Task prompt
Output every entry below word for word, without its pictures.

*** Entries shown ***

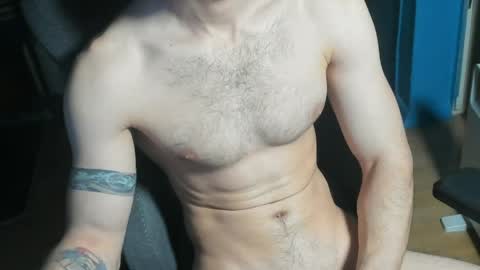 Snapshot of dvss_908 chatting on May 15, 10:06 pm turkish hot boy online show from May 15, 10:06 pm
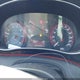 1C3CDFBB7FD166511 2015 Dodge Dart Sxt auction photo thumbnail 7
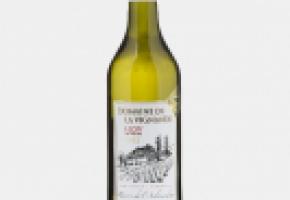 Féchy Domaine de la Vignarde - La Côte AOC 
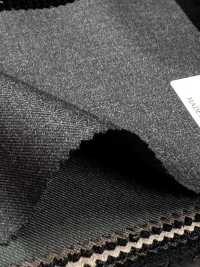 CN6563 CANONICO Super110's Grau Uni[Textil] HOSOI SYOJI Weitere Fotos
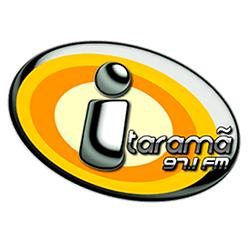 Itaramã FM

*** End of Entries shown ***

Response
 Snapshot of dvss_908 chatting on May 15, 10:06 pm turkish hot boy online show from May 15, 10:06 pm
 1C3CDFBB7FD166511 2015 Dodge Dart Sxt auction photo thumbnail 7
 Féchy Domaine de la Vignarde - La Côte AOC 
 CN6563 CANONICO Super110's Grau Uni[Textil] HOSOI SYOJI Weitere Fotos
 Itaramã FM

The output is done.